COMME des GARÇONS HOMME のブロード白シャツ【着る】
「白いブロードのシャツなんて、ユニクロも無印も、どれも同じだよ。」
と言われたら、確かに、そうなのかもしれない。少なくとも記号的にはそうだ。白ブロード、レギュラーカラー、胸ポケット、カジュアルシャツ。どれも同じだ。ユニクロや無印良品に限らず、白いシャツを着るとき、常にこの命題を突きつけられる。「白シャツなんて、どれも同じさ。」
でも私はCOMME des GARÇONSのシャツを着よう。それは他にはないシャツだから。自分の好きな要素を探していったら、このシャツに行き着いた。それだけのことだ。
デザインというのは、「選択」の集積によって、自ずと立ち上がってくるものだと思う。目につきやすい表層的な表現だけではなく、その服を作った人が何を選択してきたのか、その過程こそがデザインを生み出す。その軌跡がまさにプロダクトなのだ。(と、個人的には思っている。)
COMME des GARÇONSのメンズラインのシャツに多く見られる特徴。
小ぶりなレギュラーカラー(たまにワイド気味な襟やスタンドカラーも見受けられるが、一番多いのはおそらくレギュラーカラー。)
低い台襟
前見頃のボタンは6つ(HOMME DEUXのドレスシャツはどうなんだろう?)
第二ボタンは高い位置にある
裾はやや長い
ギャルソンのメンズラインは基本的に「ドレス」(スーツ)がベースにあるが、それを上手くカジュアルにずらす。例えばCOMME des GARÇONS SHIRT 2023SSのルックを見ると、シャツは全てタックアウトしている。第一ボタンは閉じたり開けたり。

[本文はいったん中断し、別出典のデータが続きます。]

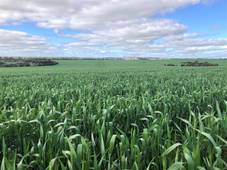 2978 Midlands Road, Carnamah, WA 6517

ギャルソンのシャツは、第一ボタンを外し、タックアウトで着るとき最も美しいと思う。というか、好きだ。
先述したギャルソンメンズラインのシャツの特徴、低い台襟と第二ボタンが高い位置にあること、そして小襟なので、第一ボタンを外したとき控えめに開く。
ドレスシャツの第一ボタンを外すときとは印象が異なる。ドレスシャツは本来ネクタイを締めることが前提のパターンなので、第一ボタンを外すと「本来の用途と違って」しまうため、違和感を与えてしまう。つまり「だらしなく」見える。(スプレッドカラーなら大丈夫。)

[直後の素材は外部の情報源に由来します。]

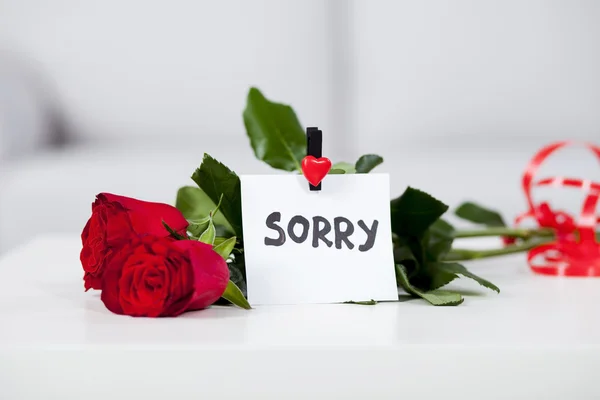 Rote Rosen mit Hinweis sorry — Stockfoto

ギャルソンのシャツは第一ボタンを閉めるのも好きだが、第一ボタンを外して着てもサマになる。計算されている。
だが、それだけではない。ギャルソンのバランス感覚がすごいところは、レギュラーカラーであること。
第一ボタンを外したとき控えめに開くことは先述したが、もしこれがスプレッドカラーなら。確かにカジュアルシャツではあるが、カジュアルに「寄りすぎて」しまうのではないか。ドレスシャツに多く用いられるレギュラーカラーであることによって、カジュアルにずらしつつ、ドレスの良さを残すことが可能になる。
更に、裾はやや長い。普通、カジュアルシャツは裾が短い。タックアウトが前提だから。だが短すぎるとカジュアル感が強くなる。ギャルソンは丈を長めに残すことを選択することで、あくまでベースはドレスであることを思い出させてくれる。また、スクエアヘムのアイテムはあまりなく、ラウンドされていることが多い。これもドレスシャツの特徴だ。
ギャルソンのベースはあくまでドレスだ。その良さを残しつつカジュアルに着ることができる。
このシャツは定番のアイテムだ。「パッカリングシャツ」と言われることが多い。薄い生地に太めの糸で縫製するので、生地にテンションがかかり、生地がつれる。これはカジュアルの要素。(特にワークの文脈。)
ドレスの要素はどこまで残すか。カジュアルな要素はどこまで入れるか。その選択の集積がこのシャツをこのシャツたらしめている。
ここで私はナチュラルという言葉を思い出した。そうだ、ギャルソンはナチュラルなんだ。
COMME des GARÇONSといえば、通常モードブランドとしての側面が取り上げられる。モードへの叛逆だったり自由といった言葉で。だが、その根底にあるものは。
初版が1987年なので、今のCOMME des GARÇONSと全く同じことはないだろう。だが、「ナチュラル」という言葉をこの本の中で見つけたとき、妙に合点がいった。ナチュラルであるから、既存のモードにとらわれない価値観を提示することができ、自由が永遠のテーマになる。
シャツは堅苦しくなくていい。ナチュラルに着よう。
でも、ドレスの魅力も忘れない、このバランス。だから私はCOMME des GARÇONSが好きだ。